> **Exercise**: Below are entries; copy exactly the lines from the one with "Mariana Liakopoulou (@liakopoulouma94)" through the one with "Jekca - Tonkinese", both included, and leave out the rest.

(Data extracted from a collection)
══════

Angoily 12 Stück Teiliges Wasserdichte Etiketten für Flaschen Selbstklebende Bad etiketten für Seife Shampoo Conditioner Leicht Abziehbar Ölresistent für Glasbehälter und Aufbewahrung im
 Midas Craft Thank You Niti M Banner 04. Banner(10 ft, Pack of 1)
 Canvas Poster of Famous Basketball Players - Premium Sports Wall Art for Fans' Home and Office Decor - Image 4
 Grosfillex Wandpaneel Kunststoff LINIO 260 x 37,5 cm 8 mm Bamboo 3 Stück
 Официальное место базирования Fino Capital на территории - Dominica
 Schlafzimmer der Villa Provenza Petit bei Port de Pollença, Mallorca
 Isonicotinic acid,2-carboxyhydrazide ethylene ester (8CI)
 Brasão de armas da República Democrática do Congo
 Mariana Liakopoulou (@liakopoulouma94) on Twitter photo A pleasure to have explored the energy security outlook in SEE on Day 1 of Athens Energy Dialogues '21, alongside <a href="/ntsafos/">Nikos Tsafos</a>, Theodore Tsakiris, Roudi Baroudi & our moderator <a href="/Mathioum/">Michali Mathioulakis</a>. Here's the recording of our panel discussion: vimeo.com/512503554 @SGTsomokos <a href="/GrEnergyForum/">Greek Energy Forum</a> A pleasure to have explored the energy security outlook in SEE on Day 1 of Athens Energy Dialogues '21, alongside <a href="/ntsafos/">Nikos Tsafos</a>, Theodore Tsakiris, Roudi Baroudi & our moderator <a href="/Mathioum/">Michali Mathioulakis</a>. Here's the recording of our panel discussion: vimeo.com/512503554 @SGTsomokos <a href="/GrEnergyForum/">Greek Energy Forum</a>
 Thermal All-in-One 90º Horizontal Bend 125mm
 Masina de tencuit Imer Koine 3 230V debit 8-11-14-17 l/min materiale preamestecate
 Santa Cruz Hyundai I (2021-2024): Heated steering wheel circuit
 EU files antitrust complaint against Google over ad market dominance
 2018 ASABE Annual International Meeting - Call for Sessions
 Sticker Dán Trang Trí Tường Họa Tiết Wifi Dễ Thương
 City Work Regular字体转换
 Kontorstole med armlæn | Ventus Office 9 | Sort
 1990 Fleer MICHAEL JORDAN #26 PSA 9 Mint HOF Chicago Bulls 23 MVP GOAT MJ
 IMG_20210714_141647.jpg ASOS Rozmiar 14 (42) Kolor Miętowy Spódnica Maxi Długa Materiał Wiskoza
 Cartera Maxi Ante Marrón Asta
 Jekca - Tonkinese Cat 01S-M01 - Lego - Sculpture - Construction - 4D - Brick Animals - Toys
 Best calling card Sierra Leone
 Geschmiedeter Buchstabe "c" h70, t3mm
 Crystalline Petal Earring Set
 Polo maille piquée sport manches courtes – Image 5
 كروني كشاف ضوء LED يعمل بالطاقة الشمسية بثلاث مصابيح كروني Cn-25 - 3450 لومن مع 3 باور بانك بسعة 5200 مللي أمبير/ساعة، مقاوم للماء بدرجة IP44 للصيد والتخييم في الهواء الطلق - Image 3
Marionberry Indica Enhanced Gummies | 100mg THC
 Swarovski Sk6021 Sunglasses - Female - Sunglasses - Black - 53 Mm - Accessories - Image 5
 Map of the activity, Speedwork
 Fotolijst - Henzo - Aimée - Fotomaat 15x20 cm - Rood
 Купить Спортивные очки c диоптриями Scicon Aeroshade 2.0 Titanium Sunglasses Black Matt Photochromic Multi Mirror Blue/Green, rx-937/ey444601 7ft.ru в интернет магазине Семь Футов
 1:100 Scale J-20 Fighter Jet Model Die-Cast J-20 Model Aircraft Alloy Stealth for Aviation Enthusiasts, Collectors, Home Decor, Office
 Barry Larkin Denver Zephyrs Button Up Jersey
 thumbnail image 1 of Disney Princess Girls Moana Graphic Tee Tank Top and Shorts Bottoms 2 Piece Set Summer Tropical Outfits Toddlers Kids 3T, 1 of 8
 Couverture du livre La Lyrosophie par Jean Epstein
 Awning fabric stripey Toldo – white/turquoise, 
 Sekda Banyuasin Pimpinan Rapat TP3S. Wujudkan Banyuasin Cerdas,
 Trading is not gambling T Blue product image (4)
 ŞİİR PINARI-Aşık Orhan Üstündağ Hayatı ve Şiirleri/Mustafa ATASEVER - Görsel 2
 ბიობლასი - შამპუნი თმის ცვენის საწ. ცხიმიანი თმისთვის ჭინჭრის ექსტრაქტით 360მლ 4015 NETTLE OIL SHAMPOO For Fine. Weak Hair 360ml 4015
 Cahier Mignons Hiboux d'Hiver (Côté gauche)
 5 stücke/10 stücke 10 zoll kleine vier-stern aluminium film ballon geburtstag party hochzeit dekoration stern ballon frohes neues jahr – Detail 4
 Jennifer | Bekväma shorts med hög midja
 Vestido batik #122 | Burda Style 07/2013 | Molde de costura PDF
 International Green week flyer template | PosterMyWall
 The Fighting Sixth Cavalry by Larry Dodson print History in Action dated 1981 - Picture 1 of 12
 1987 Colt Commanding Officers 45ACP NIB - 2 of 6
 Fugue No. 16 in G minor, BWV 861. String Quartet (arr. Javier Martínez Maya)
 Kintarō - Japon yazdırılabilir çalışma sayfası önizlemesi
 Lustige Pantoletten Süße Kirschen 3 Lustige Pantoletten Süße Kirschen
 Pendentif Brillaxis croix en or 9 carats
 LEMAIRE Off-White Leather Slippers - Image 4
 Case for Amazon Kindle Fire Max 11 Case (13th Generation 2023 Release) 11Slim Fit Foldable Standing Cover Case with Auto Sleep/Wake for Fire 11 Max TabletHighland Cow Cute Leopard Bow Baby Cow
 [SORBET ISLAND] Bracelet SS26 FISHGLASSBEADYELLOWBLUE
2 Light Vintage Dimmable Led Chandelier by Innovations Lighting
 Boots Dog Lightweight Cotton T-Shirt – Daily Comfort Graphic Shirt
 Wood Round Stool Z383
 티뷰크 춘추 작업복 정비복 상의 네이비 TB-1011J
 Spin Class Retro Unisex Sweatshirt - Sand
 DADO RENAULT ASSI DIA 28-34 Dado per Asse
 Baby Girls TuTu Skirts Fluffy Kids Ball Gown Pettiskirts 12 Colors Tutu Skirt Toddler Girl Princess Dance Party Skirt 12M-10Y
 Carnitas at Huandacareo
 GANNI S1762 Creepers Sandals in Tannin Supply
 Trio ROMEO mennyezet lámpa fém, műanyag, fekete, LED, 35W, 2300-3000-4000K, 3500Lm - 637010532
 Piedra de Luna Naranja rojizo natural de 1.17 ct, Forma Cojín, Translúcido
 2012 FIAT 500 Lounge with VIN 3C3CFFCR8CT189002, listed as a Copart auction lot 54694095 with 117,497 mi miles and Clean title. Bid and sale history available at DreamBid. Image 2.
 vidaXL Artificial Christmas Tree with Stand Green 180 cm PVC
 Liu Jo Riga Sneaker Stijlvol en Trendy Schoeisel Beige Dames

══════

> **Worked solution**:
 Mariana Liakopoulou (@liakopoulouma94) on Twitter photo A pleasure to have explored the energy security outlook in SEE on Day 1 of Athens Energy Dialogues '21, alongside <a href="/ntsafos/">Nikos Tsafos</a>, Theodore Tsakiris, Roudi Baroudi & our moderator <a href="/Mathioum/">Michali Mathioulakis</a>. Here's the recording of our panel discussion: vimeo.com/512503554 @SGTsomokos <a href="/GrEnergyForum/">Greek Energy Forum</a> A pleasure to have explored the energy security outlook in SEE on Day 1 of Athens Energy Dialogues '21, alongside <a href="/ntsafos/">Nikos Tsafos</a>, Theodore Tsakiris, Roudi Baroudi & our moderator <a href="/Mathioum/">Michali Mathioulakis</a>. Here's the recording of our panel discussion: vimeo.com/512503554 @SGTsomokos <a href="/GrEnergyForum/">Greek Energy Forum</a>
 Thermal All-in-One 90º Horizontal Bend 125mm
 Masina de tencuit Imer Koine 3 230V debit 8-11-14-17 l/min materiale preamestecate
 Santa Cruz Hyundai I (2021-2024): Heated steering wheel circuit
 EU files antitrust complaint against Google over ad market dominance
 2018 ASABE Annual International Meeting - Call for Sessions
 Sticker Dán Trang Trí Tường Họa Tiết Wifi Dễ Thương
 City Work Regular字体转换
 Kontorstole med armlæn | Ventus Office 9 | Sort
 1990 Fleer MICHAEL JORDAN #26 PSA 9 Mint HOF Chicago Bulls 23 MVP GOAT MJ
 IMG_20210714_141647.jpg ASOS Rozmiar 14 (42) Kolor Miętowy Spódnica Maxi Długa Materiał Wiskoza
 Cartera Maxi Ante Marrón Asta
 Jekca - Tonkinese Cat 01S-M01 - Lego - Sculpture - Construction - 4D - Brick Animals - Toys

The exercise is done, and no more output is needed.